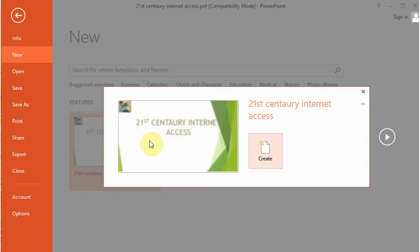You can see here that Microsoft PowerPoint allows us to use that presentation or to reuse it as a template in our presentation.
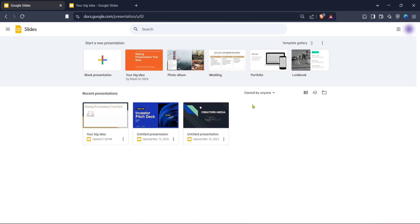To get started, open your web browser and head over to Google Slides. If you aren't already signed in, you'll need to log into your Google account. Make sure you use the same account where your presentations are stored, as this will ensure you have access to all necessary files and recovery options.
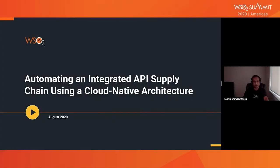Hello everyone. I hope all of you are staying safe in this challenging time. Today I will talk about how to automate an integrated API supply chain using a cloud native architecture.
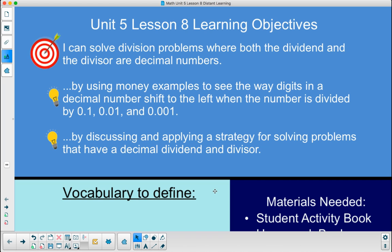Welcome. This is Unit 5, Lesson 8. Today, our target goal is that I can solve division problems where both the dividend and the divisor are decimal numbers. We're going to do this by using money examples to see the way digits in a decimal number shift to the left when the number is divided by one-tenth, one-hundredth, and one-thousandth, and by discussing and applying a strategy for solving problems that have a decimal dividend and divisor.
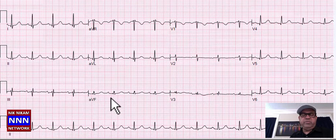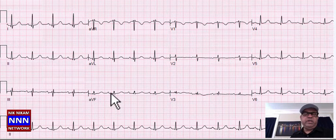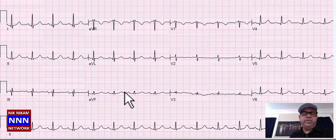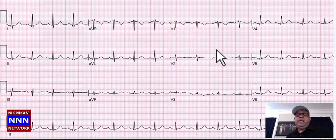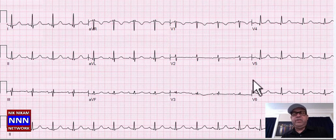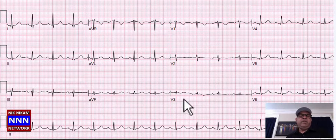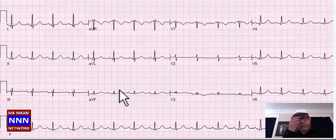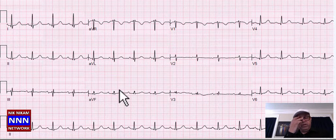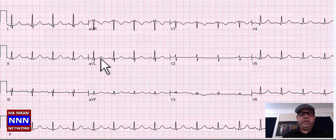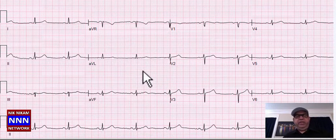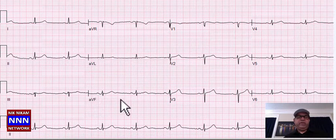Sinus rhythm — inferior leads show loss of R-waves in the inferior leads, which needs to be looked into. Anteriorly some non-specific T-wave changes, nothing spectacular. I would get another EKG to make sure the right side of the heart and inferior wall are okay, so that no significant pathology exists.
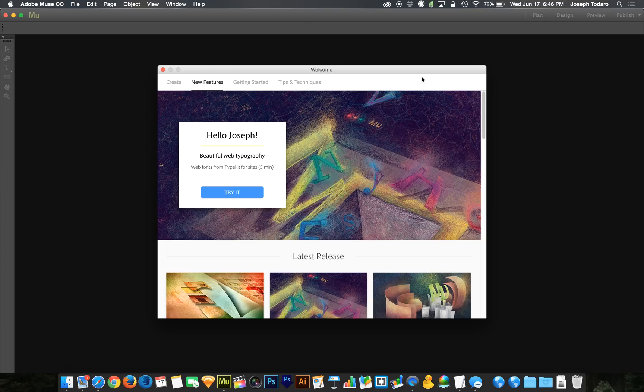Alright, so Adobe has gotten around to the 2015 round of updates to the Creative Cloud and with that we got some updates to Adobe Muse.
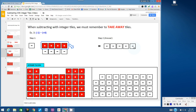Whenever you're working on these questions, you should never be left with a zero model in your answer. It will either be all positive tiles or all negative tiles.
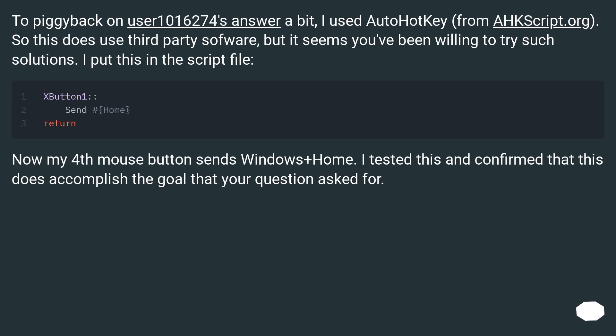To piggyback on the previous answer, I used AutoHotKey from autohotkey.com. This does use third-party software, but it seems you've been willing to try such solutions. I put this in the script file, and now my fourth mouse button sends Win plus Home. I tested this and confirmed that it accomplishes the goal your question asked for.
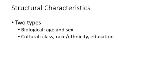There are two basic types of structural characteristics, which are the nature of the subpopulations we mentioned. Those are the biological characteristics and the cultural characteristics.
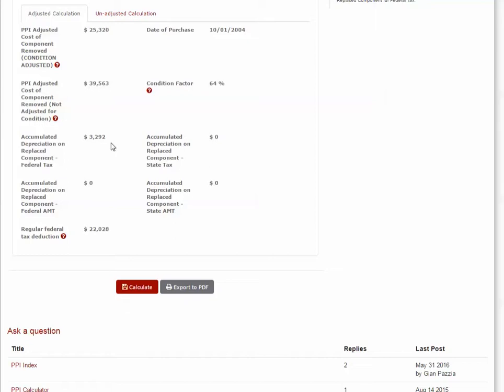Please note that our calculator does not use depreciation tables to calculate this number. It takes a ratio of your building's accumulated depreciation and divides it by the original tax basis and then multiplies that by the PPI adjusted cost of the component removed.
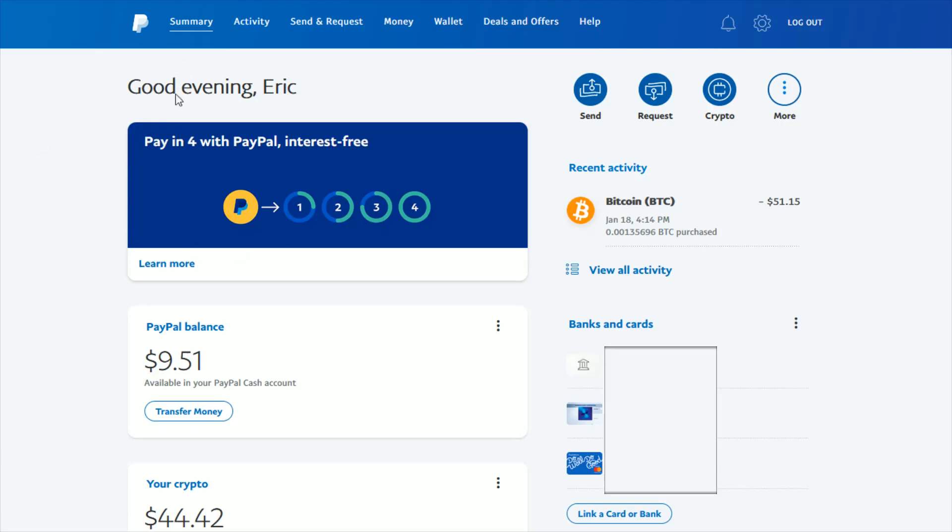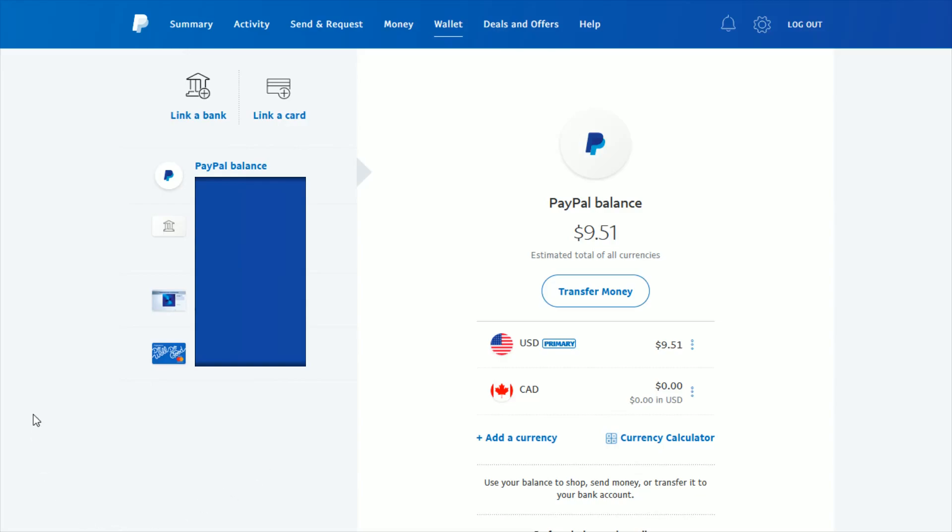To do this, once we're logged into our PayPal account, we're going to be on the summary page. Up here in the top tabs, we want to click on the one that says Wallet, and then once we're on the Wallet page...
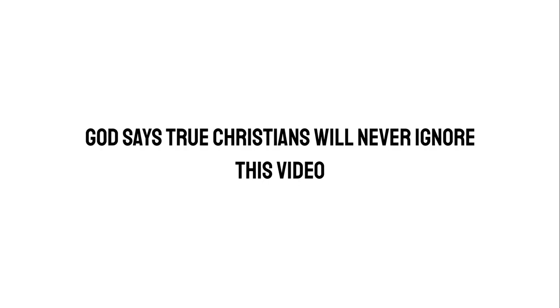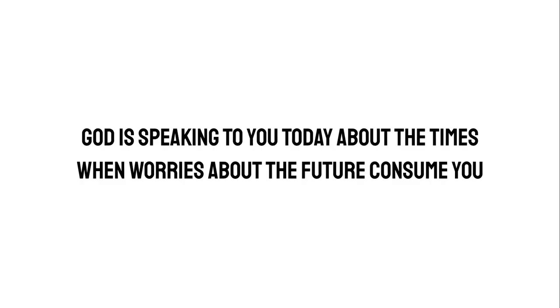God says, true Christians will never ignore this video. God's message for you. God is speaking to you today about the times when worries about the future consume you.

++++++

Your assignment:
The goal is an exact reprint of the entries, leaving out the pictures.

Answer area:
You can see here that Microsoft PowerPoint allows us to use that presentation or to reuse it as a template in our presentation.
To get started, open your web browser and head over to Google Slides. If you aren't already signed in, you'll need to log into your Google account. Make sure you use the same account where your presentations are stored, as this will ensure you have access to all necessary files and recovery options.
Hello everyone. I hope all of you are staying safe in this challenging time. Today I will talk about how to automate an integrated API supply chain using a cloud native architecture.
Welcome. This is Unit 5, Lesson 8. Today, our target goal is that I can solve division problems where both the dividend and the divisor are decimal numbers. We're going to do this by using money examples to see the way digits in a decimal number shift to the left when the number is divided by one-tenth, one-hundredth, and one-thousandth, and by discussing and applying a strategy for solving problems that have a decimal dividend and divisor.
Sinus rhythm — inferior leads show loss of R-waves in the inferior leads, which needs to be looked into. Anteriorly some non-specific T-wave changes, nothing spectacular. I would get another EKG to make sure the right side of the heart and inferior wall are okay, so that no significant pathology exists.
Alright, so Adobe has gotten around to the 2015 round of updates to the Creative Cloud and with that we got some updates to Adobe Muse.
Whenever you're working on these questions, you should never be left with a zero model in your answer. It will either be all positive tiles or all negative tiles.
To piggyback on the previous answer, I used AutoHotKey from autohotkey.com. This does use third-party software, but it seems you've been willing to try such solutions. I put this in the script file, and now my fourth mouse button sends Win plus Home. I tested this and confirmed that it accomplishes the goal your question asked for.
There are two basic types of structural characteristics, which are the nature of the subpopulations we mentioned. Those are the biological characteristics and the cultural characteristics.
Please note that our calculator does not use depreciation tables to calculate this number. It takes a ratio of your building's accumulated depreciation and divides it by the original tax basis and then multiplies that by the PPI adjusted cost of the component removed.
To do this, once we're logged into our PayPal account, we're going to be on the summary page. Up here in the top tabs, we want to click on the one that says Wallet, and then once we're on the Wallet page...
God says, true Christians will never ignore this video. God's message for you. God is speaking to you today about the times when worries about the future consume you.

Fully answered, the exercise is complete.